Thursday, August 17, 2006

A Polite Decline

Houseparty. Wine. Tequila. Vodka. Dance Music. Cigarette Smoke.

She walks into the room, wearing a denim miniskirt and cardigan. Ripped stockings and far too much eyeshadow. Skinny and bags under her eyes. Long brown hair that is neglected. She is a rose with browning petals.

She is 19, and a mother of one.

She has taken any gifts that God has bestowed upon her and thrown them carelessly away, preferring instead to drink away her youth, smoke away any potential she ever had and submit herself instead to a life of poverty and indulgence.

Burn it all away.

How I envy her. How I wish I could kill my conscience, drown the inner voices in alcohol until I stop hearing them tell me to keep studying, working towards a better future, and forego indulging myself for the greater good. Unleash myself from self-servitude and be free to pursue my own selfish ends, and then gleefully laugh at my own expense.
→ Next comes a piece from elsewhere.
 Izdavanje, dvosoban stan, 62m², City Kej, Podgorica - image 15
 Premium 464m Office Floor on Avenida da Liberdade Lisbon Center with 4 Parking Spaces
She walks into the room I'm in, a bitch in heat, and performs the human equivalent of lifting her tail to the side and spraying pheromones. Her body language invites me to fuck her, and her eyes confirm this. I am flattered to be the first one she makes this offer to, aware as I am that it hardly has anything to do with my wit or charm. In fact, I realise, it is probably solely due to my possession of a penis. Regardless, reckless abandonment of moral fibre beckons to me, and I decline due to the polite company in which I reside, and due an obligation to my brunette.

I want her.

I want her because I am not allowed to want her. I want her because I shouldn't want her. I want her because of the social confines dictating what I am and am not allowed to do dictating me to be turned off by such an offer.

Due to the consequences of submitting to such thoughts, I answer her reply. She understands the signal I send her, a polite decline to her and her body, and moves on, unperturbed and undaunted, to the next suitor.